Section 297A(1)(a) can render an officer of the company personally liable for debts of the company where he was knowingly a party to reckless trading. Section 297A (1) (b) can result in any person being personally liable for such debts where they are knowingly a party to any fraudulent trading. There is an important distinction to be made between fraudulent and reckless trading.
Reckless Trading can result in the unlimited personal liability of any officer who was knowingly a party to the carrying on of the business of the company in a reckless manner.  While this may sound like a useful tool of the Courts it is seldom used. In the case of Re PSK Construction Ltd ; Kavanagh v Killeen and Higgins [2009] IEHC for example, Justice Finlay Geoghan  rejected argument that a Director  who held junior position in the company had been knowingly a party to carrying on company’s business in reckless manner. It seems that knowledge that the company was involved, on a temporary basis, in tax evasion is not sufficient per se to justify finding of deemed recklessness. An action based on reckless trading therefore is difficult to predict with any degree of certainty.
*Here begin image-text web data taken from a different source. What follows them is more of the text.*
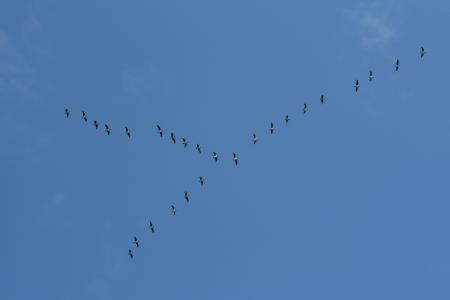 鸟类, 楔形形成, 旅行, 鸟类飞行, 自然, 天空, 野鹅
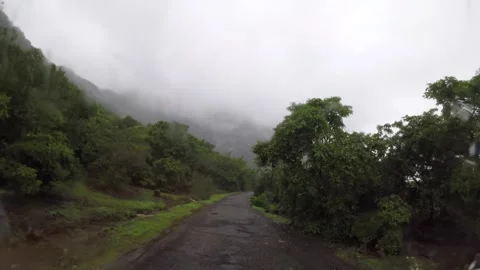 Start raining fog, and driving through in forest at monsoon season in india Stock Footage 310779211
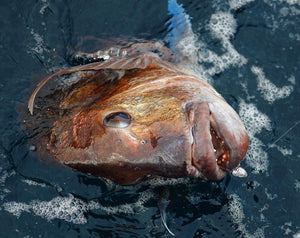 How to Hunt Big Snapper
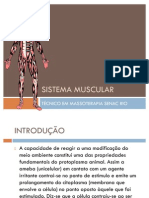 Sistema muscular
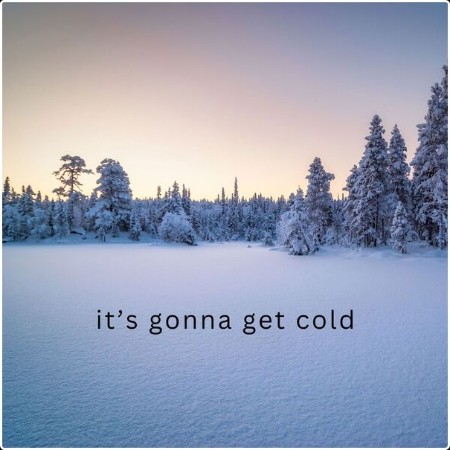 Various Artists - it's gonna get cold (2024) Mp3 320kbps  2cd34c54ade971ed49848df91cb51661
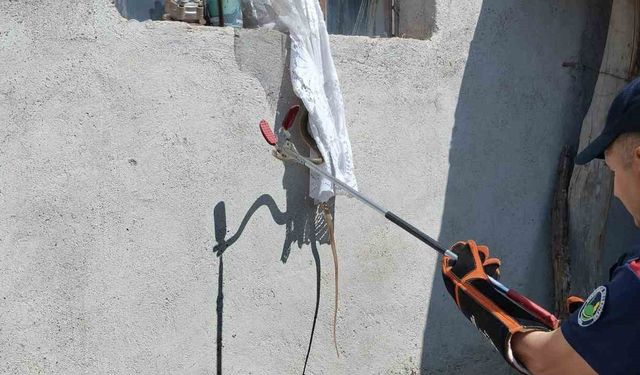 Eve giren yılan itfaiye tarafından yakalandı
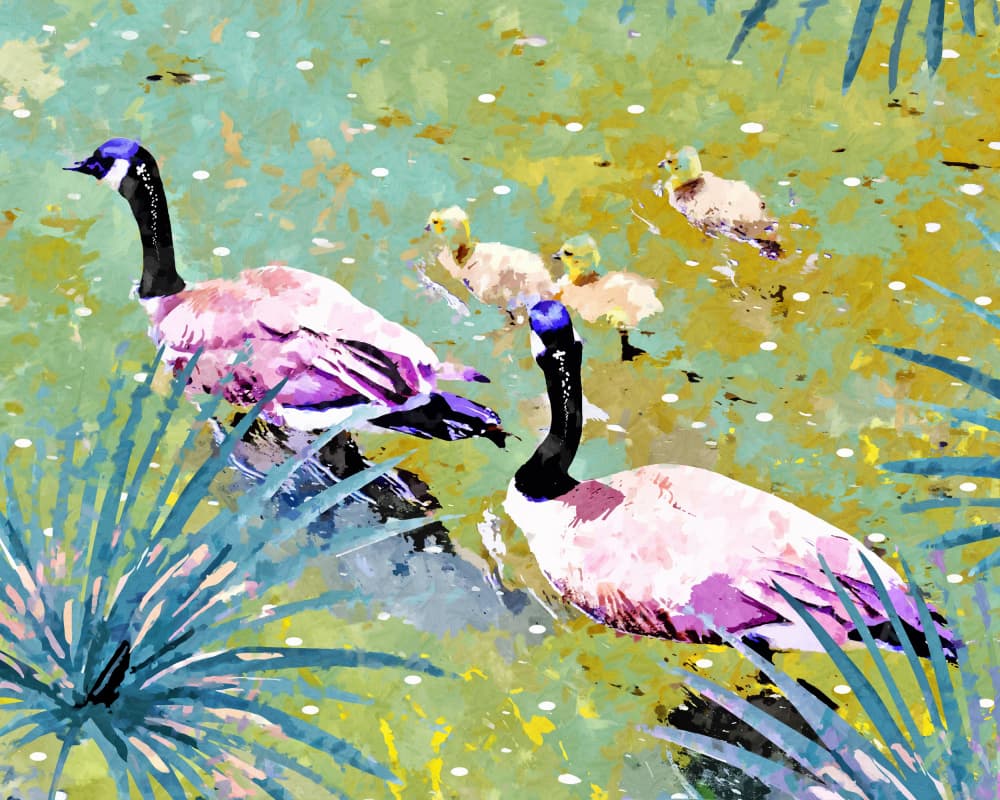 Vibrant Geese Family Pond by Uma Gokhale — canvas wall art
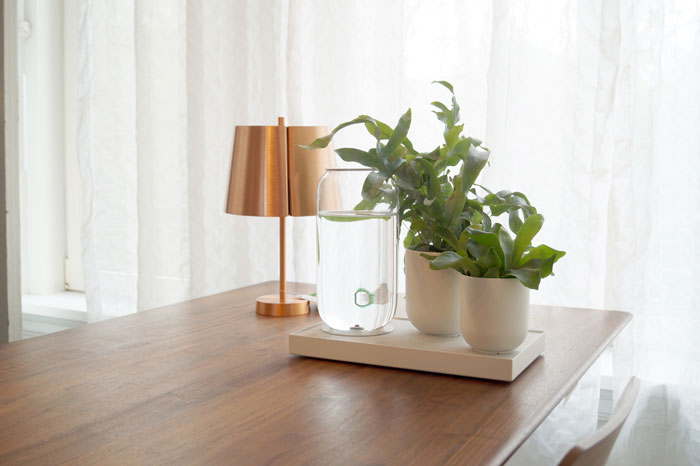 Tableau Automatic Houseplant Watering Tray by Pikaplant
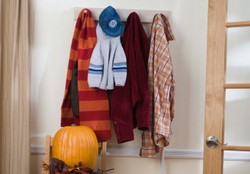 Kebiasaan Menggantung Baju Bekas Pakai Bisa Undang Nyamuk Penyebab DBD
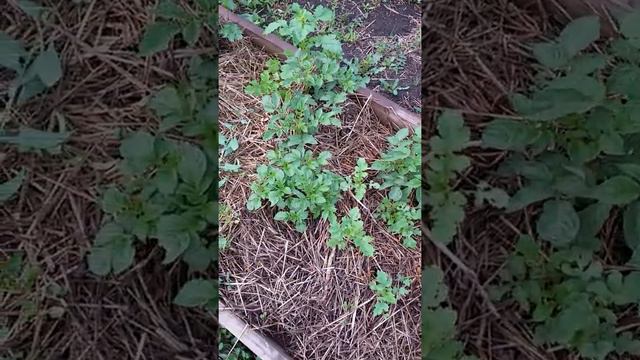 Зачем нам врут смотреть онлайн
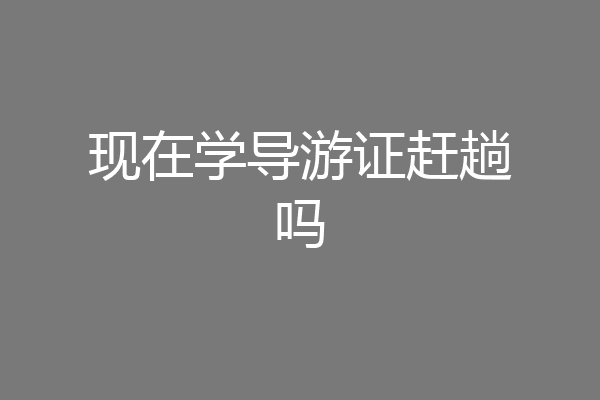 现在学导游证赶趟吗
Fraudulent trading on the other hand, is a far more serious crime and thus is viewed much more harshly by the courts. It can result in unlimited personal responsibility of any person who was knowingly a party to …. With intent to defraud or for  any fraudulent purpose. This is a subjective test and the courts have discretion on who can come under the scope of the term ‘any person’.


 s.251 of the Companies  Act, 1990 allows the Court to assess damages against the Directors. Note that this is only in the case of liquidation of a company.